La commission rappelle, à cet égard, d’une part, que l'exercice du droit d’accès aux documents administratifs, garanti par l’article 15 de la Déclaration des droits de l’homme et du citoyen a valeur constitutionnelle (décision du Conseil constitutionnel n° 2020-834, du 3 avril 2020). Il est loisible au législateur d'apporter à ce droit des limitations liées à des exigences constitutionnelles ou justifiées par l'intérêt général, à la condition qu'il n'en résulte pas d'atteintes disproportionnées au regard de l'objectif poursuivi.
La commission précise, d’autre part, que si l’article 10 de la Convention européenne de sauvegarde des droits de l’homme et des libertés fondamentales n’accorde pas un droit d’accès à toutes les informations détenues par une autorité publique ni n’obligent l’État à les communiquer, il peut en résulter un droit d’accès à des informations détenues par une autorité publique lorsque l’accès à ces informations est déterminant pour l’exercice du droit à la liberté d’expression et, en particulier, à la liberté de recevoir et de communiquer des informations, selon la nature des informations demandées, leur disponibilité, le but poursuivi par le demandeur et son rôle dans la réception et la communication au public d’informations. Dans cette hypothèse, le refus de fournir les informations demandées constitue une ingérence dans l’exercice du droit à la liberté d’expression qui, pour être justifiée, doit être prévue par la loi, poursuivre un des buts légitimes mentionnés au point 2 de l’article 10 et être strictement nécessaire et proportionnée.
Comme l’a indiqué le Conseil d’État dans sa décision d’Assemblée précitée, la commission estime, en conséquence, que l'intérêt légitime du demandeur doit être apprécié à la lumière de ces deux textes, au vu de la démarche qu'il entreprend et du but qu'il poursuit en sollicitant la consultation anticipée d'archives publiques, de la nature des documents en cause et des informations qu'ils comportent.
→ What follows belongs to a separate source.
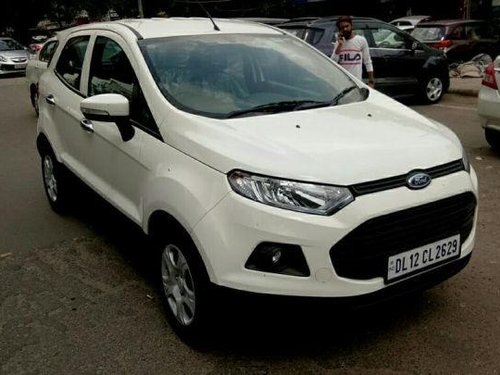 2017 Ford EcoSport  1.5 Petrol Ambiente MT for sale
Les risques qui doivent être mis en balance sont ceux d'une atteinte excessive aux intérêts protégés par la loi. La pesée de l'un et des autres s'effectue en tenant compte notamment de l'effet, eu égard à la nature des documents en cause, de l'écoulement du temps et, le cas échéant, de la circonstance que ces documents ont déjà fait l'objet d'une autorisation de consultation anticipée ou ont été rendus publics.
En l'espèce, la commission note que les listes demandées ont déjà été librement communiquées par le passé, en application des dispositions du code électoral. Elle constate également que la direction des Archives de France a pour sa part émis un avis favorable à la demande de Monsieur X, en tenant de l’ancienneté des documents, de l’engagement de réserve signé par le demandeur et de ses mission, ce dernier agissant dans le cadre d’une recherche successorale.
Au terme de la mise en balance des intérêts en présence, la commission estime que la consultation des extraits de listes électorales sollicitées, par anticipation aux délais légaux de communicabilité, sans reproduction, n’est pas de nature à porter une atteinte excessive aux intérêts que la loi a entendu protéger. Elle émet, dès lors, un avis favorable à la demande.